Dorsie Willis was one of the 167 black soldiers of the 25th Infantry discharged from the United States Army “without honor” by order of President Theodore Roosevelt after the shooting in Brownsville, Texas in 1906.
Willis was born in Mississippi in 1886 to Corsey and Dochie Willis. Willis joined Company D, 25th Infantry of the United States Army on January 5, 1905. His battalion was sent to Fort Brown in Brownsville on the American bank of the Rio Grande. The local residents, mostly Mexican and about 20% white, were not happy with the prospect of African-American soldiers being stationed there, and the soldiers of the 25th Infantry immediately encountered harassment.

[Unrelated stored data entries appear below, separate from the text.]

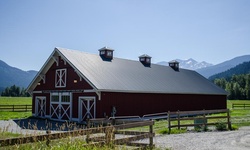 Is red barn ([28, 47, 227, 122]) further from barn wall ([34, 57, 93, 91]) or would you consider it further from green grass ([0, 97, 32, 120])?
green grass ([0, 97, 32, 120])

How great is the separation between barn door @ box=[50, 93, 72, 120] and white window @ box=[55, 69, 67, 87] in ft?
3.52

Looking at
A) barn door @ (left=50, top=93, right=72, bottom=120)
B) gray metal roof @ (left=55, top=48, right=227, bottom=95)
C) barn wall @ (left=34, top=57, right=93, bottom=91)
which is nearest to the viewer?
gray metal roof @ (left=55, top=48, right=227, bottom=95)

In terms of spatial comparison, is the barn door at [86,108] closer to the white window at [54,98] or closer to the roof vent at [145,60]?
the white window at [54,98]

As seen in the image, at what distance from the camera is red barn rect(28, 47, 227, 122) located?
25297mm

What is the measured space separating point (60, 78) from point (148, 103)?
378 inches

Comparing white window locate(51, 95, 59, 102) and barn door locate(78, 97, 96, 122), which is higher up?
white window locate(51, 95, 59, 102)

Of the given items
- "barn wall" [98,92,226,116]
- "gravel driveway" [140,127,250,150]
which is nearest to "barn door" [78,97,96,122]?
"barn wall" [98,92,226,116]

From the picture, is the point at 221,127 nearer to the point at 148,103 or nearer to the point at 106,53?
the point at 148,103

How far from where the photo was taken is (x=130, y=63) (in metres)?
34.6

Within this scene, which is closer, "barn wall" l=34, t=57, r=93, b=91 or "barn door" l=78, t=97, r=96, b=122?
"barn door" l=78, t=97, r=96, b=122

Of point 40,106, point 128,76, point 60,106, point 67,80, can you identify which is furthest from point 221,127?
point 40,106

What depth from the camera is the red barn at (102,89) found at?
83.0 feet

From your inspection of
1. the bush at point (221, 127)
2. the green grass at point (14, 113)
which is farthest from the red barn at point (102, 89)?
the bush at point (221, 127)

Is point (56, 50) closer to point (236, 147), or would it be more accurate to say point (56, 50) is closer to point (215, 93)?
point (236, 147) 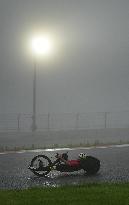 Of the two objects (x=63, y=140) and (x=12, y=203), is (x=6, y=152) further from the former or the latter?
(x=12, y=203)

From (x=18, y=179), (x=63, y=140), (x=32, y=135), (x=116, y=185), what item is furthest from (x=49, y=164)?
(x=32, y=135)

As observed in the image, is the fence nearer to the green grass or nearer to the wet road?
the wet road

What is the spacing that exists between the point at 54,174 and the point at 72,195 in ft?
11.5

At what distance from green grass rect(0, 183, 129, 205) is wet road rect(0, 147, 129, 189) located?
3.63ft

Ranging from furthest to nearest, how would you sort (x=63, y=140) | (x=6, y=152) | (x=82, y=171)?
(x=63, y=140)
(x=6, y=152)
(x=82, y=171)

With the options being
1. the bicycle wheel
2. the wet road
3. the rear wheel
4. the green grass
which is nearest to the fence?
the wet road

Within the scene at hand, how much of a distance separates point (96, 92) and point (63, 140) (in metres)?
46.6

Less than three weeks later, around 20 men shot up Brownsville, killing one civilian and badly wounding another. Witnesses identified the shooters either as black or as soldiers, which meant the same thing since all the enlisted soldiers at Fort Brown were black. Their motive was thought to be revenge for the racism and harassment they had endured.
All the soldiers at Fort Brown denied taking part in the shooting or knowing who might have been involved. Willis testified under oath he was in bed in his company’s barracks during the shooting and knew nothing about it. But when army investigations concluded the shooters were unidentified soldiers, President Theodore Roosevelt ordered the discharge.

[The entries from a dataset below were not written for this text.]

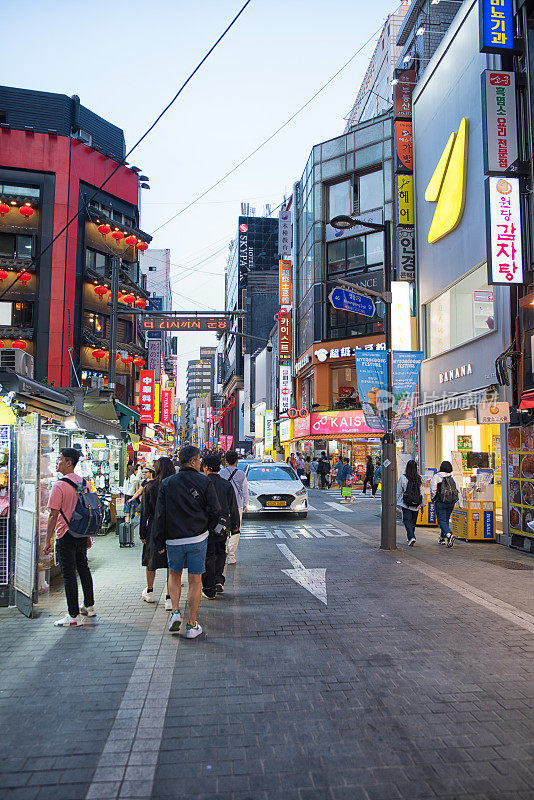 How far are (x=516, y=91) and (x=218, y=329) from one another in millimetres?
8832

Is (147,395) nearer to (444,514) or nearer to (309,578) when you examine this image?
(444,514)

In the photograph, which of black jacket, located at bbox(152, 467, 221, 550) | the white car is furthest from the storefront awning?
black jacket, located at bbox(152, 467, 221, 550)

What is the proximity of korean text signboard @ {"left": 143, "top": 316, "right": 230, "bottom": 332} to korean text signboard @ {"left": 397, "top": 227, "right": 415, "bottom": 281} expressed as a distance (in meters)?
6.74

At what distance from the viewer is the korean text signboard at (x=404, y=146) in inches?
777

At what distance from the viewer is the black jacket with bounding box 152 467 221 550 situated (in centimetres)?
594

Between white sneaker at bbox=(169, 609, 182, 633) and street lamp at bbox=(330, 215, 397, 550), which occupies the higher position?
street lamp at bbox=(330, 215, 397, 550)

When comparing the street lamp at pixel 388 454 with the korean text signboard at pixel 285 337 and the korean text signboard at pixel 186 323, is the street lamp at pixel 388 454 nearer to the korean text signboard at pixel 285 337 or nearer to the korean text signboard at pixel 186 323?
Result: the korean text signboard at pixel 186 323

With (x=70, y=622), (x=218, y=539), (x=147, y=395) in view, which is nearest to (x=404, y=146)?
(x=218, y=539)

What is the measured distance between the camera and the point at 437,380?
→ 17656 millimetres

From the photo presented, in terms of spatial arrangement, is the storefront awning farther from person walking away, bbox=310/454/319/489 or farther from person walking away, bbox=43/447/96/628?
person walking away, bbox=310/454/319/489

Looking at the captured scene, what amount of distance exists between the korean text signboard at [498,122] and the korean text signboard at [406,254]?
7.08 m

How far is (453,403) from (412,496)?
13.2ft

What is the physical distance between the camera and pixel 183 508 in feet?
19.5

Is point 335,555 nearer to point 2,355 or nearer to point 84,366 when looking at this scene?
point 2,355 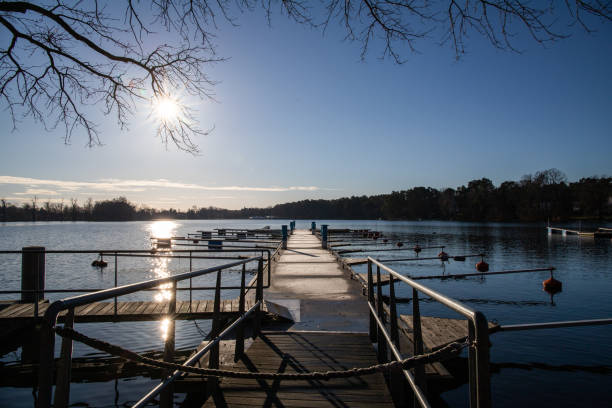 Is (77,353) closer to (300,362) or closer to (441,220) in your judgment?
(300,362)

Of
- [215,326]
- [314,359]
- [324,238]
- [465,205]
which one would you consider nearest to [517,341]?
[314,359]

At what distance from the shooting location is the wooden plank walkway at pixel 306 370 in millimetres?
3268

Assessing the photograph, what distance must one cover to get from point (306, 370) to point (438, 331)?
354cm

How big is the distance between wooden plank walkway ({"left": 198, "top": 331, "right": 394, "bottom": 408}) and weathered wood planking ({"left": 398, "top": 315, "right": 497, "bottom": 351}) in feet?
4.25

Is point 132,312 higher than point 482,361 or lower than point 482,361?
lower

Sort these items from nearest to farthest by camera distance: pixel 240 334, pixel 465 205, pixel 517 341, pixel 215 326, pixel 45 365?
pixel 45 365 → pixel 215 326 → pixel 240 334 → pixel 517 341 → pixel 465 205

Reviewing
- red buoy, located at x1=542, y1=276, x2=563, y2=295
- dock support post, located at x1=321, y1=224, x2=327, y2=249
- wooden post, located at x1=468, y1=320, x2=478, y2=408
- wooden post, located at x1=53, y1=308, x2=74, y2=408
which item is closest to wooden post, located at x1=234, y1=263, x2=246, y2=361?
wooden post, located at x1=53, y1=308, x2=74, y2=408

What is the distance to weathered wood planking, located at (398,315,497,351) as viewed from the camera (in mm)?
5867

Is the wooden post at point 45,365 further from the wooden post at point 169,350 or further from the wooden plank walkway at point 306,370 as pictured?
the wooden plank walkway at point 306,370

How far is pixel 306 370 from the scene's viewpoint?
13.1ft

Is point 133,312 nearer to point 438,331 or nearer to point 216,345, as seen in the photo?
point 216,345

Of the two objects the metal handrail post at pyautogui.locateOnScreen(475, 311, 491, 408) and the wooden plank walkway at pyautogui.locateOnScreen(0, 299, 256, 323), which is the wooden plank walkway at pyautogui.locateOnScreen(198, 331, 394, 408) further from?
the wooden plank walkway at pyautogui.locateOnScreen(0, 299, 256, 323)

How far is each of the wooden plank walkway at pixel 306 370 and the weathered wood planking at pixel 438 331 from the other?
1.30 meters

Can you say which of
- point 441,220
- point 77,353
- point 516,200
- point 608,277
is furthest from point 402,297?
point 441,220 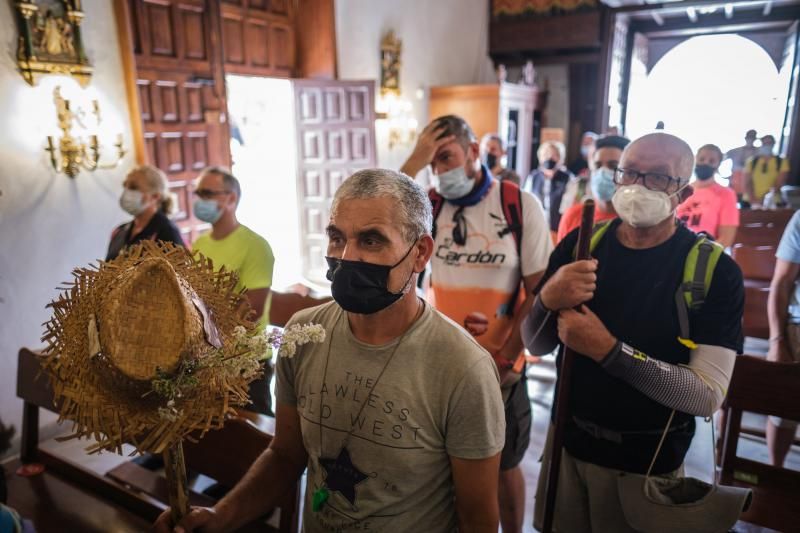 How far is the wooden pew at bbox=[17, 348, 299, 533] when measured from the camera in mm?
1581

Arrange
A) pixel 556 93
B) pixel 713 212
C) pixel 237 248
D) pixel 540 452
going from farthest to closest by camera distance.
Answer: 1. pixel 556 93
2. pixel 713 212
3. pixel 540 452
4. pixel 237 248

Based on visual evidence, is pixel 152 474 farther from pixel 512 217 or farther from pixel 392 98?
pixel 392 98

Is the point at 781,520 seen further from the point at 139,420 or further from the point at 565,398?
the point at 139,420

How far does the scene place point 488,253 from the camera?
2.13 meters

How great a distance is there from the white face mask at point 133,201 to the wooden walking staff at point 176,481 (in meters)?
2.42

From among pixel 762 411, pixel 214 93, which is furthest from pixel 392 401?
pixel 214 93

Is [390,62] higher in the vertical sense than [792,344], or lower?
higher

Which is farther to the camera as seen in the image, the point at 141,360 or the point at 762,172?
the point at 762,172

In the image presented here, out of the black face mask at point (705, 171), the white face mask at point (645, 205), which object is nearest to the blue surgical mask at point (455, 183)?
the white face mask at point (645, 205)

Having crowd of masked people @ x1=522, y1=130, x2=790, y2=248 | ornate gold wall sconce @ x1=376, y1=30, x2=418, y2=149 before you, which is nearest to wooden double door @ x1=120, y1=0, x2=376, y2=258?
ornate gold wall sconce @ x1=376, y1=30, x2=418, y2=149

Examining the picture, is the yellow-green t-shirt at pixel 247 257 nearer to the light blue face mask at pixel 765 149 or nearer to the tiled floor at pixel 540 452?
the tiled floor at pixel 540 452

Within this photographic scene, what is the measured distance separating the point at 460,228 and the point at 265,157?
836 cm

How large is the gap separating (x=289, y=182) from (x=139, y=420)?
31.1 ft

Willis and 166 other black soldiers were dishonorably discharged from the Army in 1906. On January 10, 1974, 68 years later, in Minneapolis, Minnesota a (then) 87-year-old Dorsie Willis received a check for $25,000. The U.S. Government paid the last survivor of the 25th infantry for being the sole survivor of the Brownsville Massacre. Earlier that year the secretary of the Army ordered all of the discharges changed to honorable.